Ahora que ese mismo delirio —espero— arraiga en otros y tengo —ojalá— tanto vivido como por vivir, saboreo con nostalgia aquellos tiempos de arrebato universitario. Días sublimes en los que una nieve lenta o una tormenta súbita nos bastaban para ser felices. Momentos en los que el estallido de un trueno repentino nos removía de los asientos gastados de aquel Gijón-Barcelona, tan austero que no tenía bar.
Lo reviví un domingo de primavera en un tren repleto de estudiantes, y corroboré que merece la pena viajar. Adonde sea, el destino no importa si se conserva la mirada del que quiere descubrir cosas nuevas. Por ejemplo, el quehacer de una mañana hacendosa detrás del Pajares, última frontera del mundo conocido.
Aquellos viajes en tren desvelaban milagros cotidianos: la mancha de sol que doraba un hórreo viejo y pródigo o esa idealizada compañera de clase, que tenía billete para el asiento contiguo. ¿No era milagroso, en fin, encontrar un taxi en la estación de Pamplona? Su inesperada presencia se convertía en prueba irrefutable de la existencia divina, la sexta vía que no formuló santo Tomás de Aquino, patrón universitario cada 28 de enero.

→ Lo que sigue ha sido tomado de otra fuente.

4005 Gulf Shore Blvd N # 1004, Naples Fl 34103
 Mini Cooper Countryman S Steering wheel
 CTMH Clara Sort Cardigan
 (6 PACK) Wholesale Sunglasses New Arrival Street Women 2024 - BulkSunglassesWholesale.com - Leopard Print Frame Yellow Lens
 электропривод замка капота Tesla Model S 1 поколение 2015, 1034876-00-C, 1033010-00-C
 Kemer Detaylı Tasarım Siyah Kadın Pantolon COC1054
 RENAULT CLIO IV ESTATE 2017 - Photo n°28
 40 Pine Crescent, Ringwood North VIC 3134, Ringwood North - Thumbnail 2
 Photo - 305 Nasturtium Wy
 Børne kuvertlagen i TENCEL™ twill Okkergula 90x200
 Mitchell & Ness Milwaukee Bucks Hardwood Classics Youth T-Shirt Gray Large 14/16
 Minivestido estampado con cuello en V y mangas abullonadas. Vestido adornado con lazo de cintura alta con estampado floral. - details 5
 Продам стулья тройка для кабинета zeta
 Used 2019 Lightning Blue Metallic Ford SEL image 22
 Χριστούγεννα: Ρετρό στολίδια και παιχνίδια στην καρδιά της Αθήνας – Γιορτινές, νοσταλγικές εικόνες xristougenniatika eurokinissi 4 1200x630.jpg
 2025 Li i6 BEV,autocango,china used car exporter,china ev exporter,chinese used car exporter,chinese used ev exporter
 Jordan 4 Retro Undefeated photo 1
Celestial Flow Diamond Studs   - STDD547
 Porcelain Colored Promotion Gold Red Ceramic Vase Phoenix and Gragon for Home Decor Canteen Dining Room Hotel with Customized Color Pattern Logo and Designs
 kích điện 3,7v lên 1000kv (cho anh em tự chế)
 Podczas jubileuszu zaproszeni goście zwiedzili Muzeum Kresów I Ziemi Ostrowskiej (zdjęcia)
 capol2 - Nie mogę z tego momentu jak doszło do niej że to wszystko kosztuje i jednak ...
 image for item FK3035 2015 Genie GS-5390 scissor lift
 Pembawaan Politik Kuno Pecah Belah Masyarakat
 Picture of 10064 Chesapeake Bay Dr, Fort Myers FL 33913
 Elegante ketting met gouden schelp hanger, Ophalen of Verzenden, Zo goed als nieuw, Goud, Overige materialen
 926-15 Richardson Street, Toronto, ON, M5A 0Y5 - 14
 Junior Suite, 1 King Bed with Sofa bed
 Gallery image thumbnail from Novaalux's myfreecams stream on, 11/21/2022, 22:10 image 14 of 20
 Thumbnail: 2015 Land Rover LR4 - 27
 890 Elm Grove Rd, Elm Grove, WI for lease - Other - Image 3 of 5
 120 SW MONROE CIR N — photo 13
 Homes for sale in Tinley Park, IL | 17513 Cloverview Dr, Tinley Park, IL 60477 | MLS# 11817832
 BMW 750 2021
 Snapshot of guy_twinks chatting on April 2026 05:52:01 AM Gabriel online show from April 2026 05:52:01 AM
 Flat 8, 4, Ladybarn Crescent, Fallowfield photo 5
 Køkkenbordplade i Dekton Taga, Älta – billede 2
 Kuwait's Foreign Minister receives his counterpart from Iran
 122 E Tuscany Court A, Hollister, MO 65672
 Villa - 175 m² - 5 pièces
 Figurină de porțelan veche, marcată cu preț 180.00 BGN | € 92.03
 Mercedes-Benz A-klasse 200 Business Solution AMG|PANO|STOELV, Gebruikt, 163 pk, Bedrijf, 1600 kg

Otro filósofo inmortal, Ñico Saquito —guarachero cubano de altura, el autor de «María Cristina me quiere gobernar»—, tenía razón cuando cantaba: «La vida es un tren expreso/ que recorre leguas miles./ El tiempo son los raíles/ y el tren no tiene regreso». No lo tiene. No. Pero en ese viaje de luz y ceniza brilla el resplandor frágil de nuestra vida, una vida en la que merece la pena soñar e intentar dejar poso.